As the 116th Congress was sworn in Thursday, it made history for its diversity with a record number of women and minorities joining.

And the books lawmakers held or placed their hands on during their ceremonies proved to be just as unique.

A Christian Bible is not required for lawmakers when giving the oath to uphold their office. The Constitution expressly states that senators, congressmen and members of state legislatures “shall be bound by Oath or Affirmation, to support this Constitution; but no religious Test shall ever be required as a Qualification to any Office or public Trust under the United States.”

Here’s a look at some the unique books lawmakers – in both the House and Senate – held Thursday.

Ilhan Omar – grandfather’s Quran

One of the first Muslim women elected to Congress, Rep. Ilhan Omar, D-Minn., took the oath with her grandfather’s Quran, sharing a touching tribute to him on social media as well.

“As a kid, I acted as my grandfather’s translator at our caucuses and he was the one who first sparked my interest in politics. I wish he could be here to witness this historic moment, but he was there in spirit as I placed my hand on his Quran for the ceremonial swearing in,” Omar said on Instagram.

Rashida Tlaib – Thomas Jefferson’s Quran

House Speaker Nancy Pelosi of Calif., poses during a ceremonial swearing-in with Rep. Rashida Tlaib, D-Mich., sixth from right, on Capitol Hill in Washington, Thursday, Jan. 3, 2019, during the opening session of the 116th Congress. (AP Photo/Susan Walsh)

Rep. Rashida Tlaib, the first Palestinian-American woman elected to Congress, also used the Quran during her ceremony – one that is more than 280 years old. Tlaib, from Michigan, chose to use former President Thomas Jefferson’s English translation book from 1734.

According to Smithsonian Magazine, Jefferson had an interest in religion and most likely obtained the Quran while he was studying law.

Martha McSally – Bible recovered from USS Arizona

Vice President Mike Pence administers a ceremonial Senate oath during a mock swearing-in ceremony to Sen. Martha McSally, R-Ariz., Thursday, Jan. 3, 2019, in the Old Senate Chamber on Capitol Hill in Washington. (AP Photo/Manuel Balce Ceneta)

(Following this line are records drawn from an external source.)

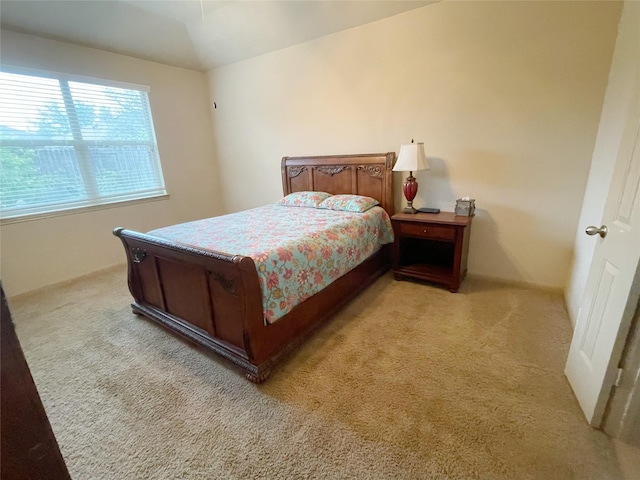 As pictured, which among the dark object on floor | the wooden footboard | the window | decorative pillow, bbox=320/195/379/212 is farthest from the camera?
decorative pillow, bbox=320/195/379/212

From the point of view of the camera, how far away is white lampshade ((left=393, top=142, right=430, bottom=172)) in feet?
8.83

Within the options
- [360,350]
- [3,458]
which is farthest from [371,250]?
[3,458]

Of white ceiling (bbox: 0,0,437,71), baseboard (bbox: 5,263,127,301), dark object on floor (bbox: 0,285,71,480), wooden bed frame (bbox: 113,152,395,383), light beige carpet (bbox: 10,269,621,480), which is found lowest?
light beige carpet (bbox: 10,269,621,480)

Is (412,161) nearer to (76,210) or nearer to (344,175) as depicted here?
(344,175)

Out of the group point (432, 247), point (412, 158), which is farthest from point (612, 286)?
point (432, 247)

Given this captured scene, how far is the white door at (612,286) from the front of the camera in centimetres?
123

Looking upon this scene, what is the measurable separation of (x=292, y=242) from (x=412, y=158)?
147cm

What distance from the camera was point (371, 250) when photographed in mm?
2793

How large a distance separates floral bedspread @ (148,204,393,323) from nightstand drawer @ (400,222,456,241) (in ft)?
0.86

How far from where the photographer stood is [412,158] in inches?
106

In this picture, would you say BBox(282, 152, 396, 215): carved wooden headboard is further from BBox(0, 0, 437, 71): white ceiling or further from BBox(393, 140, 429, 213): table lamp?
BBox(0, 0, 437, 71): white ceiling

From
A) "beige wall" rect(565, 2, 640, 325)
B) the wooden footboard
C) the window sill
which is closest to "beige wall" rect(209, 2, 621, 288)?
"beige wall" rect(565, 2, 640, 325)

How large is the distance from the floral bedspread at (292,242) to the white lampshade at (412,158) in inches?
20.4

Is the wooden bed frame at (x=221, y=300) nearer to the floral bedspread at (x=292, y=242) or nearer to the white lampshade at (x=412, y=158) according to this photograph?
the floral bedspread at (x=292, y=242) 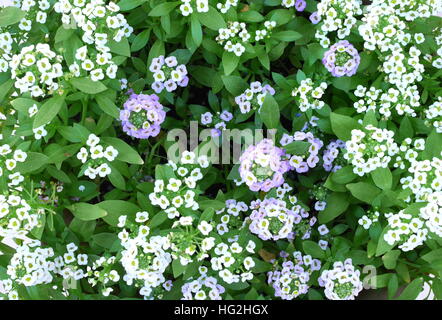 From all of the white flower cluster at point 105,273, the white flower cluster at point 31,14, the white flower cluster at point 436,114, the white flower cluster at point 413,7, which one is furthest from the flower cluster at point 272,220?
the white flower cluster at point 31,14

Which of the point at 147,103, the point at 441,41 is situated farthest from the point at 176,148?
the point at 441,41

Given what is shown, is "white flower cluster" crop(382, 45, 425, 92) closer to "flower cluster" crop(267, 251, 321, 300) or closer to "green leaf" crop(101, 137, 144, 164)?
"flower cluster" crop(267, 251, 321, 300)

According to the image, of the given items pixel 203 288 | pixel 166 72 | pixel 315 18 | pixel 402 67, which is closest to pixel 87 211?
pixel 203 288

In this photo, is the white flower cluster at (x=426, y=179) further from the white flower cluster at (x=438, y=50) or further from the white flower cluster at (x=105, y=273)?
the white flower cluster at (x=105, y=273)

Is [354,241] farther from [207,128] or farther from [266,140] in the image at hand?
[207,128]

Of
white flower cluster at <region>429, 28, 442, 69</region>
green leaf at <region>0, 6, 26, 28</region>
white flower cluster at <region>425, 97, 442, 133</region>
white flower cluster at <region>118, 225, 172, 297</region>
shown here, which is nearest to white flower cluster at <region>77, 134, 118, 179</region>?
white flower cluster at <region>118, 225, 172, 297</region> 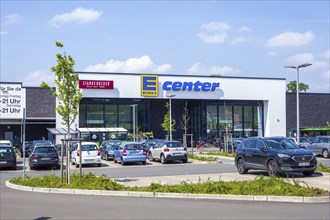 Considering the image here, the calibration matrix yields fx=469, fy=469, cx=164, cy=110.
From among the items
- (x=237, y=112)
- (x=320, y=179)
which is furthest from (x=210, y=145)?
(x=320, y=179)

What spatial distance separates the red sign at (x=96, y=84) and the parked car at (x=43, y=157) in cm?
2523

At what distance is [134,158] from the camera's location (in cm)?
2917

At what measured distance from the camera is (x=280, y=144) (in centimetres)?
1984

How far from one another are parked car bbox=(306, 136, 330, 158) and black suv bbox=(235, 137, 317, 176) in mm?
15067

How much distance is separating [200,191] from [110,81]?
134ft

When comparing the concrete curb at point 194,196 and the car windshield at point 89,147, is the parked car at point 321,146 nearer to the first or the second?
the car windshield at point 89,147

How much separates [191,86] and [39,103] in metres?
18.2

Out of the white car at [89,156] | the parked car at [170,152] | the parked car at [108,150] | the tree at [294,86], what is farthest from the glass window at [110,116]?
the tree at [294,86]

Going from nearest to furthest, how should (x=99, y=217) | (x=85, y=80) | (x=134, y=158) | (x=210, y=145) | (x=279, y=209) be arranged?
(x=99, y=217) < (x=279, y=209) < (x=134, y=158) < (x=85, y=80) < (x=210, y=145)

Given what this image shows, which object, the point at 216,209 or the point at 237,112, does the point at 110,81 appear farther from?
the point at 216,209

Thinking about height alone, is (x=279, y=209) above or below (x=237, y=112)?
below

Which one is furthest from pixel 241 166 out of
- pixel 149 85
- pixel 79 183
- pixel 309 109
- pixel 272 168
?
pixel 309 109

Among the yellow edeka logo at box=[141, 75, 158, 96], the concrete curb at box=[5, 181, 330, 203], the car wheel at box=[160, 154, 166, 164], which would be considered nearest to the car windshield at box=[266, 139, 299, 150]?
the concrete curb at box=[5, 181, 330, 203]

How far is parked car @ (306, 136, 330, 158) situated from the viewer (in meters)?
34.4
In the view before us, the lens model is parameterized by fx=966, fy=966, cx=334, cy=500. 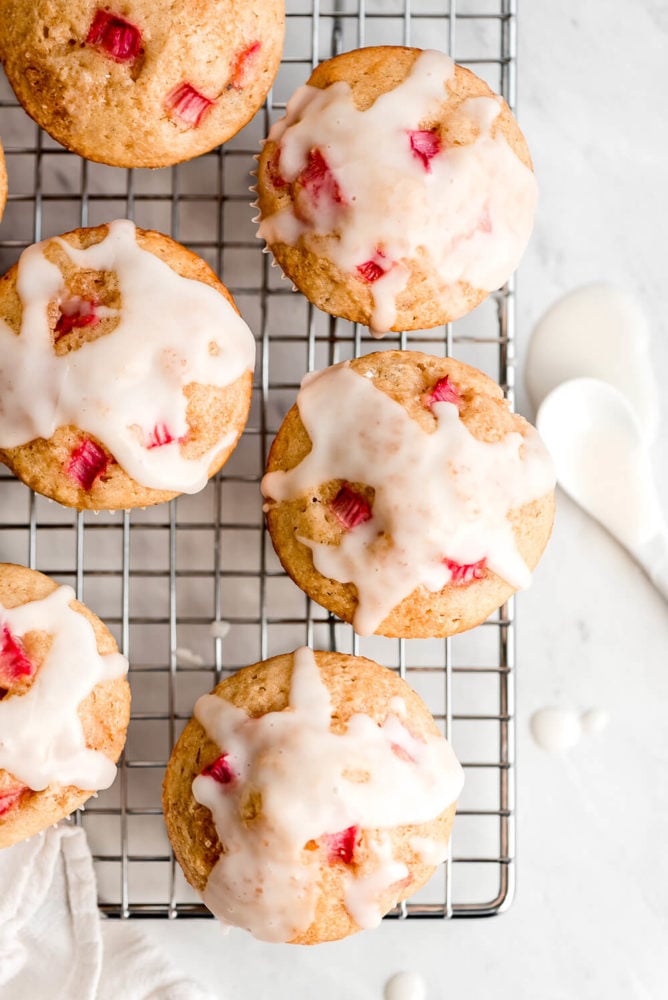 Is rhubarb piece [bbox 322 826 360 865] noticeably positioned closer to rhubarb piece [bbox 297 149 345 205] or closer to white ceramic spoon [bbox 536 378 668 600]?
white ceramic spoon [bbox 536 378 668 600]

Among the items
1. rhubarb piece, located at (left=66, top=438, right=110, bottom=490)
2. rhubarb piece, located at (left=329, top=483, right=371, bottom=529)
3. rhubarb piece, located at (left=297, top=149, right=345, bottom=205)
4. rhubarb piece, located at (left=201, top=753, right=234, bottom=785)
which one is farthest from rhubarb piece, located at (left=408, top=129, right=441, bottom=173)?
rhubarb piece, located at (left=201, top=753, right=234, bottom=785)

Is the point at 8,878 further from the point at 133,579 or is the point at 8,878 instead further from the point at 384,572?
the point at 384,572

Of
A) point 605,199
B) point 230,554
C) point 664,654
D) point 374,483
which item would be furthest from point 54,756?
point 605,199

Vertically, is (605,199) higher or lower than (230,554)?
higher

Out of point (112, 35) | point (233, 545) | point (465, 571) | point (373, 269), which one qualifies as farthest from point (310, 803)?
point (112, 35)

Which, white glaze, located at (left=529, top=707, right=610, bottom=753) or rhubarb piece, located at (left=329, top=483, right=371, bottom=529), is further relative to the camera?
white glaze, located at (left=529, top=707, right=610, bottom=753)

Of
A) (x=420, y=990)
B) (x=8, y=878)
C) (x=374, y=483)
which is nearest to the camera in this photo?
(x=374, y=483) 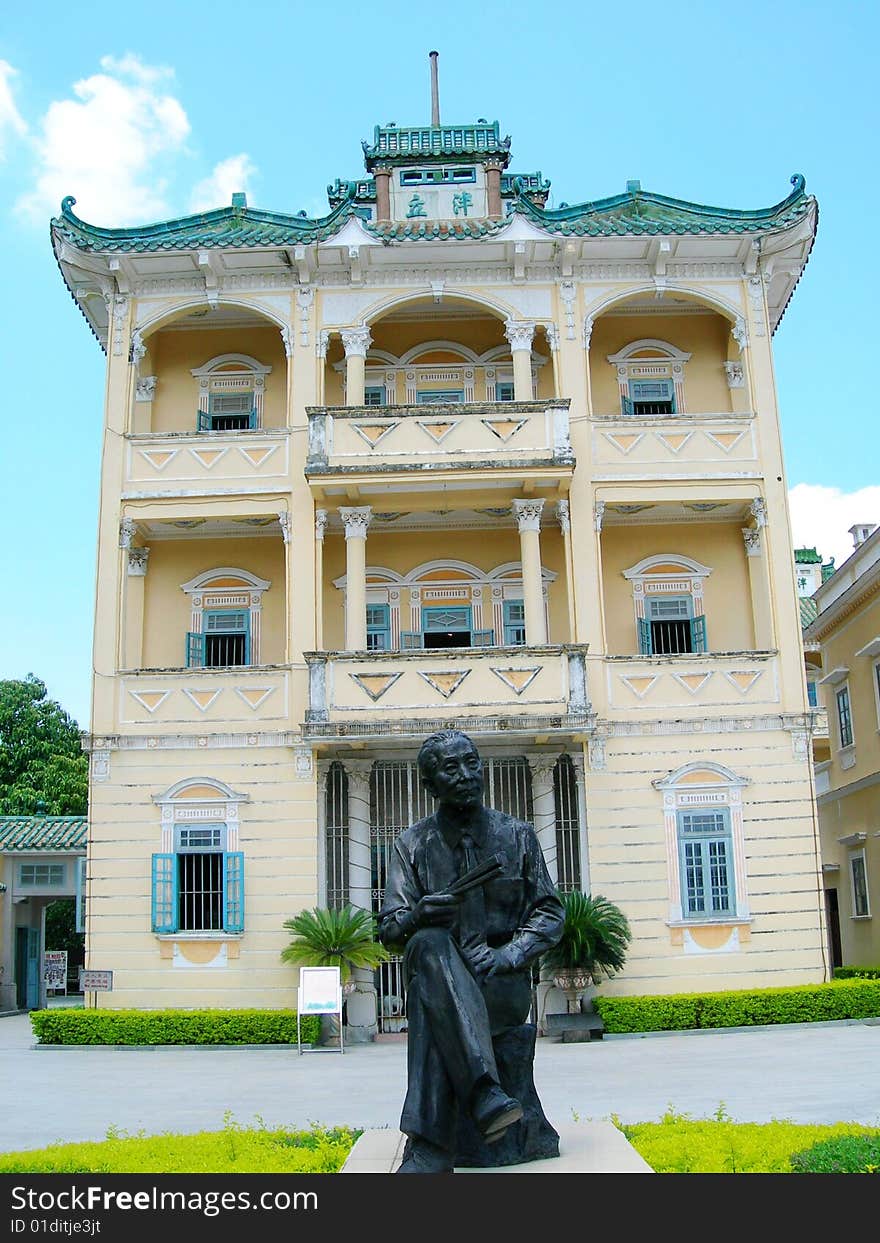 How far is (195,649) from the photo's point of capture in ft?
75.8

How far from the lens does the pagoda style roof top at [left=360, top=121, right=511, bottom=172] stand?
25.1 m

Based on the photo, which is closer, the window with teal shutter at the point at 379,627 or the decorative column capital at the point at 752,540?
the decorative column capital at the point at 752,540

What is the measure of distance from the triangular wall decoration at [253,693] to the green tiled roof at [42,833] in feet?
27.5

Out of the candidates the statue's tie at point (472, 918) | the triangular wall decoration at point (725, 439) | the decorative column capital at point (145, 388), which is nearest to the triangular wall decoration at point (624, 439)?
the triangular wall decoration at point (725, 439)

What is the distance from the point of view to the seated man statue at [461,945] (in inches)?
244

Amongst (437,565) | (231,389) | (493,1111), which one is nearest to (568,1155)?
(493,1111)

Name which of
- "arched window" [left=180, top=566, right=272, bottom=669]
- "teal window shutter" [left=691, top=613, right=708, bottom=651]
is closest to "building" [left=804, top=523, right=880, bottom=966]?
"teal window shutter" [left=691, top=613, right=708, bottom=651]

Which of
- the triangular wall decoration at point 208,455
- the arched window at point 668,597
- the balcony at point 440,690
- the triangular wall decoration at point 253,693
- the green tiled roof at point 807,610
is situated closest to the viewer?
the balcony at point 440,690

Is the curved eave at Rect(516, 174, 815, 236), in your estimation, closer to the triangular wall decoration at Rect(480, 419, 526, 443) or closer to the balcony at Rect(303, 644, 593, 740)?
the triangular wall decoration at Rect(480, 419, 526, 443)

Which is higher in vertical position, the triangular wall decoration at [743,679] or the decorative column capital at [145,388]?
the decorative column capital at [145,388]

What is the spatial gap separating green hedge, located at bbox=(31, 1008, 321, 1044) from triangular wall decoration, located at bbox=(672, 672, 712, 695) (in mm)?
8075

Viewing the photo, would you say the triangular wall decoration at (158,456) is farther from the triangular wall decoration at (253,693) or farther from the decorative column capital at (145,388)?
the triangular wall decoration at (253,693) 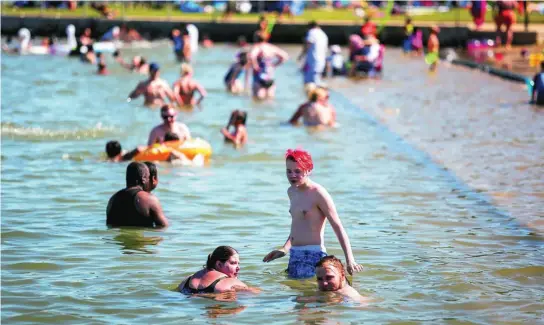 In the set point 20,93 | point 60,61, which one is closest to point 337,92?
point 20,93

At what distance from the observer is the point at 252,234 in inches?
437

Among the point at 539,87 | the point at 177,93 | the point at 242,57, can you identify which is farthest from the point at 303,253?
the point at 242,57

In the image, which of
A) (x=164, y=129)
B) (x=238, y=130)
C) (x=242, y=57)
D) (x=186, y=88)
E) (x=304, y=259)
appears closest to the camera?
(x=304, y=259)

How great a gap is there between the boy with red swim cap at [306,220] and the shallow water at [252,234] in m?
0.25

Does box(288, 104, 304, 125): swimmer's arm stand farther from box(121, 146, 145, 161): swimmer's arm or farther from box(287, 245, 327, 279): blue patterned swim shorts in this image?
box(287, 245, 327, 279): blue patterned swim shorts

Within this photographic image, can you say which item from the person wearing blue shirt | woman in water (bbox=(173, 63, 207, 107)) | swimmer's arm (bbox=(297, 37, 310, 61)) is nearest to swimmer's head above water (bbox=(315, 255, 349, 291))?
woman in water (bbox=(173, 63, 207, 107))

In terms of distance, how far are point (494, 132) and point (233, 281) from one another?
409 inches

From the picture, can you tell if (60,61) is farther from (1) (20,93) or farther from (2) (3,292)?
(2) (3,292)

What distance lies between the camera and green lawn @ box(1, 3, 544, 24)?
44125mm

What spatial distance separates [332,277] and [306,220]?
20.7 inches

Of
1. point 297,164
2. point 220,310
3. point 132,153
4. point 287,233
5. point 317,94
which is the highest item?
point 297,164

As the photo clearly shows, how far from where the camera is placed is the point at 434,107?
71.9ft

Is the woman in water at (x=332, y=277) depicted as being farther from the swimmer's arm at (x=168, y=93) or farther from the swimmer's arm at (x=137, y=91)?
the swimmer's arm at (x=168, y=93)

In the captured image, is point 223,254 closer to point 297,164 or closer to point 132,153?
point 297,164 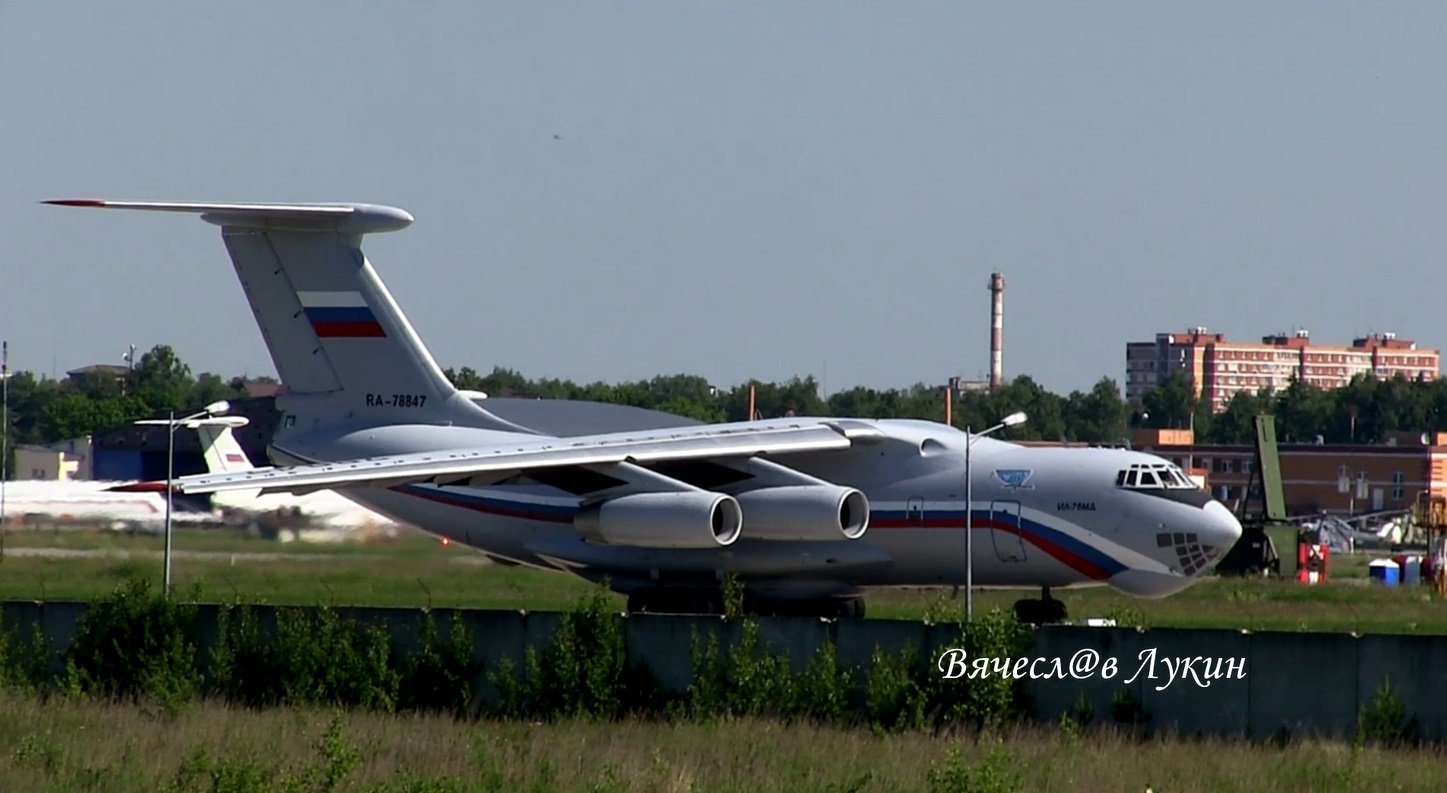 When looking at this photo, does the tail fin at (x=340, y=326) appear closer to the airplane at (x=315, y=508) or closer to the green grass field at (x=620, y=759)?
the airplane at (x=315, y=508)

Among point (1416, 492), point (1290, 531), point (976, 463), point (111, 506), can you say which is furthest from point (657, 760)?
point (1416, 492)

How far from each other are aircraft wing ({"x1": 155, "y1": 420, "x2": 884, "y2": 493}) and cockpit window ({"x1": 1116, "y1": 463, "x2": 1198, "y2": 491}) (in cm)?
251

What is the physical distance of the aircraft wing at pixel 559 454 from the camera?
19.8 m

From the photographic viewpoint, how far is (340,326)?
76.9 ft

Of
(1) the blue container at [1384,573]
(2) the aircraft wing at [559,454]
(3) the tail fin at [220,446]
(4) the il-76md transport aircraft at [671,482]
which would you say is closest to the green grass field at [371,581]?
(4) the il-76md transport aircraft at [671,482]

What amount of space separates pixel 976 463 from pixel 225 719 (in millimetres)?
8421

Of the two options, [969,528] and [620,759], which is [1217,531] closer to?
[969,528]

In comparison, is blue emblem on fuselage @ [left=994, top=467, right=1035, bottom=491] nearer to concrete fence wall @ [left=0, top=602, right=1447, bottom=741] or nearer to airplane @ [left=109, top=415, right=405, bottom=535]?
concrete fence wall @ [left=0, top=602, right=1447, bottom=741]

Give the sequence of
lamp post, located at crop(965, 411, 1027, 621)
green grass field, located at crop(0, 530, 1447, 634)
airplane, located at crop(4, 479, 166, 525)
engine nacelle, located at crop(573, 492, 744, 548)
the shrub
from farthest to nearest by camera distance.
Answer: airplane, located at crop(4, 479, 166, 525) < green grass field, located at crop(0, 530, 1447, 634) < engine nacelle, located at crop(573, 492, 744, 548) < lamp post, located at crop(965, 411, 1027, 621) < the shrub

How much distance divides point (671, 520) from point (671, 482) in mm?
A: 648

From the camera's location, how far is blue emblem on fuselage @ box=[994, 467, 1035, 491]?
21.3 metres

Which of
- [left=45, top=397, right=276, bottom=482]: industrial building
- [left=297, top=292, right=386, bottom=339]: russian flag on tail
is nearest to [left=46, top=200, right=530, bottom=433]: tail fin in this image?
[left=297, top=292, right=386, bottom=339]: russian flag on tail

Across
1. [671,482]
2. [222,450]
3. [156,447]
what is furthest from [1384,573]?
[156,447]

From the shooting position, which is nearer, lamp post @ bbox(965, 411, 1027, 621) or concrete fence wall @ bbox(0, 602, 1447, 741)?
concrete fence wall @ bbox(0, 602, 1447, 741) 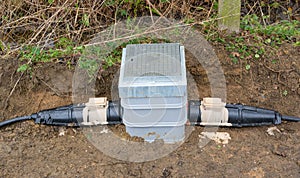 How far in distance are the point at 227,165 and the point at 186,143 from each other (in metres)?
0.29

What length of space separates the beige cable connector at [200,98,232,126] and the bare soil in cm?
8

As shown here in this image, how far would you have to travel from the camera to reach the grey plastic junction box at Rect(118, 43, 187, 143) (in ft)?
6.18

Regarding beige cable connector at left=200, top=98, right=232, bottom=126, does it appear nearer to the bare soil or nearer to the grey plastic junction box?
the bare soil

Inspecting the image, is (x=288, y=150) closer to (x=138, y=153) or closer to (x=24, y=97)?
(x=138, y=153)

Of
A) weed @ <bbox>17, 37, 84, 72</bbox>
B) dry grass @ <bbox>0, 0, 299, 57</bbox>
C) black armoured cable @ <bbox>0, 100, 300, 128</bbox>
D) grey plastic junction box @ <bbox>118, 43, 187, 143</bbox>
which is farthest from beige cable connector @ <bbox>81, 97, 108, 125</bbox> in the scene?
dry grass @ <bbox>0, 0, 299, 57</bbox>

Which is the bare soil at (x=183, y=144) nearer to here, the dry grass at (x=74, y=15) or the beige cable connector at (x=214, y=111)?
the beige cable connector at (x=214, y=111)

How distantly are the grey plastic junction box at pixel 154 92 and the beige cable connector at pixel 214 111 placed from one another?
0.70 feet

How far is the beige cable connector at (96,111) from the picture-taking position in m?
2.23

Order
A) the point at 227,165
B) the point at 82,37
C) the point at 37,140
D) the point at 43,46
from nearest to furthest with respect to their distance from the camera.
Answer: the point at 227,165 < the point at 37,140 < the point at 43,46 < the point at 82,37

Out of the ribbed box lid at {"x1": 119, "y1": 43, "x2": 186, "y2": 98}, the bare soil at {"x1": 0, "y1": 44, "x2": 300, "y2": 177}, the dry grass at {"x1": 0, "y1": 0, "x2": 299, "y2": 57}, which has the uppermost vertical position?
the dry grass at {"x1": 0, "y1": 0, "x2": 299, "y2": 57}

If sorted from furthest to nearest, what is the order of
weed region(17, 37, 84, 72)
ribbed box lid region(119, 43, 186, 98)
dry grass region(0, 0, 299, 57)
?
dry grass region(0, 0, 299, 57)
weed region(17, 37, 84, 72)
ribbed box lid region(119, 43, 186, 98)

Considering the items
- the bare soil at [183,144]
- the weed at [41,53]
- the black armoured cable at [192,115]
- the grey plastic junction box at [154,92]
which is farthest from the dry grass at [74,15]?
the grey plastic junction box at [154,92]

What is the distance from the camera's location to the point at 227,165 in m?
1.94

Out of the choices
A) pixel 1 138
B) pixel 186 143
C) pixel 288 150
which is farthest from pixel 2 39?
pixel 288 150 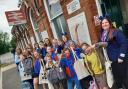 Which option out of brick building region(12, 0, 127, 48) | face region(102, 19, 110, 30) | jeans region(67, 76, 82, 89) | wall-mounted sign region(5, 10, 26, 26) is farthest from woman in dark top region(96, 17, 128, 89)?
wall-mounted sign region(5, 10, 26, 26)

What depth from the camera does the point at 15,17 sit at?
2305 centimetres

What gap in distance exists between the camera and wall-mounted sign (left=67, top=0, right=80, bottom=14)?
10.6 metres

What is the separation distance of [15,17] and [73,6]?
1262 cm

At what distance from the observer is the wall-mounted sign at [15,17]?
72.6 feet

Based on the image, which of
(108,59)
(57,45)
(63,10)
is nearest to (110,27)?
(108,59)

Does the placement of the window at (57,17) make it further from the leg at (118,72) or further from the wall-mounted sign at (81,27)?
the leg at (118,72)

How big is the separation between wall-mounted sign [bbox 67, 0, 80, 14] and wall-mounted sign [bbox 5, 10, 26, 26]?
10.7 meters

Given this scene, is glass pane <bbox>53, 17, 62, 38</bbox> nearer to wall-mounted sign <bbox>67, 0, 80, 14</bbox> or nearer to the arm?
wall-mounted sign <bbox>67, 0, 80, 14</bbox>

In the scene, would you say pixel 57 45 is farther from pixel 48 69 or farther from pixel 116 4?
pixel 116 4

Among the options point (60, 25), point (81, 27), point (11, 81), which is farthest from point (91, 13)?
point (11, 81)

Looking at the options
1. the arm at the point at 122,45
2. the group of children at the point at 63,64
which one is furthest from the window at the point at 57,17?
the arm at the point at 122,45

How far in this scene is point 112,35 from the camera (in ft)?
20.5

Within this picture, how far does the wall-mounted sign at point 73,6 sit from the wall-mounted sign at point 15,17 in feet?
35.2

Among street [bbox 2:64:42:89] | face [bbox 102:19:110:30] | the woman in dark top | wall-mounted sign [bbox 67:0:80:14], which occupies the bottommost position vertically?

Sen. Martha McSally, R-Ariz., told Vice President Mike Pence the small Bible she chose to hold had been recovered from an unknown sailor aboard the USS Arizona, which was bombed during the attack on Pearl Harbor.

The Bible was on loan from the University of Arizona, she said.

New Sen. Kyrsten Sinema and McSally are the first female senators to represent Arizona. McSally was also the first female combat pilot in the Air Force where she eventually rose to the rank of colonel.

Kyrsten Sinema – law book

Vice President Mike Pence administers the Senate oath of office to Sen. Kyrsten Sinema, D-Ariz., during a mock swearing in ceremony in the Old Senate Chamber on Capitol Hill in Washington, Thursday, Jan. 3, 2019, as the 116th Congress begins. (AP Photo/Andrew Harnik)

Sen. Kyrsten Sinema, D-Ariz., held a law book which contained copies of the U.S. and Arizona constitutions during her oath, a spokesperson told The Arizona Republic.

“Kyrsten always gets sworn in on a Constitution simply because of her love for the Constitution,” spokesman John LaBombard said of the former congresswoman.

Mitt Romney – father’s Bible

New Utah Sen. Mitt Romney said he used his father’s Bible for his ceremony. His father served as Michigan's governor and as the Secretary of Housing and Urban Development during the Nixon administration.

“He inscribed a message in it each time he took the oath of office, and I did the same today,” Romney said.

The Associated Press contributed to this report.